実は、そこに憧れる人は数多いので、今でも、本を出すならば商業出版で、と考えている人は少なくありません。

でも、私は、ここが1つの盲点だと感じています。

あなたは誰に何を伝えたいのか?

ビジネス書のバブルがはじけたからといって、本を出版できないということではありません。

出版社が存在する以上、本を出版するニーズがありますから、本を出したければ出版社にアプローチすることは可能ですし、企画が通ったら、めでたく本を出版できるわけですから、チャレンジする価値はあるかもしれませんね。

ただ、本の目的を考えた時、マーケティングとしての本のターゲットは、どこにあるのでしょうか?

実は、私が盲点だといったのは、この「ターゲット」の部分なのです。

あなたが実際に、自分の商品なりサービスを買ってもらいたいと潜在的に求めている顧客と、商業出版として出版される本のターゲットとなる読者にはズレが必ず出てくるのです。

なぜならば、商業出版の目的は、「より多くの人に本を読んでもらうこと」と、出版社にしたらズバリ、「本を売る」ことです。

すると、商業出版の本に求められるものは、「世の中の多くの人が求めている内容」でなければなりません。

つまり、出版するには、ある程度の数字が読めないと企画そのものが成立しないのです。

ですから、テーマが、たとえば、心のこと、病気のこと、サラリーマンの仕事のこと、といった圧倒的数多くの人が抱えるものであれば、商業出版を活用できる確率は低くはありません。

しかし、テーマが、たとえば、「社長向け」のものとしたらどうでしょう。

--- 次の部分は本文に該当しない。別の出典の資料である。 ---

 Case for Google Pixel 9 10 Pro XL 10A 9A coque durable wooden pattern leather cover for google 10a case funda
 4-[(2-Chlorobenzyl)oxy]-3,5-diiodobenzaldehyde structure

サラリーマンの人数に対して社長の数はグンと減ります。すると、それだけ読者対象は減りますから、社長向けに取り上げるテーマをより工夫していく必要が出てきます。

そして、いくらターゲットが数多く見込めるものであったとしても、より多くの人を引きつけるアプローチができなければ、本は売れません。

果たしてそのとき、出版社が数字を出すことを目的とした内容と、あなたが目的とする内容が一致するかといったら、ターゲット層が狭くなればなるほど難しくなっていくものなのです。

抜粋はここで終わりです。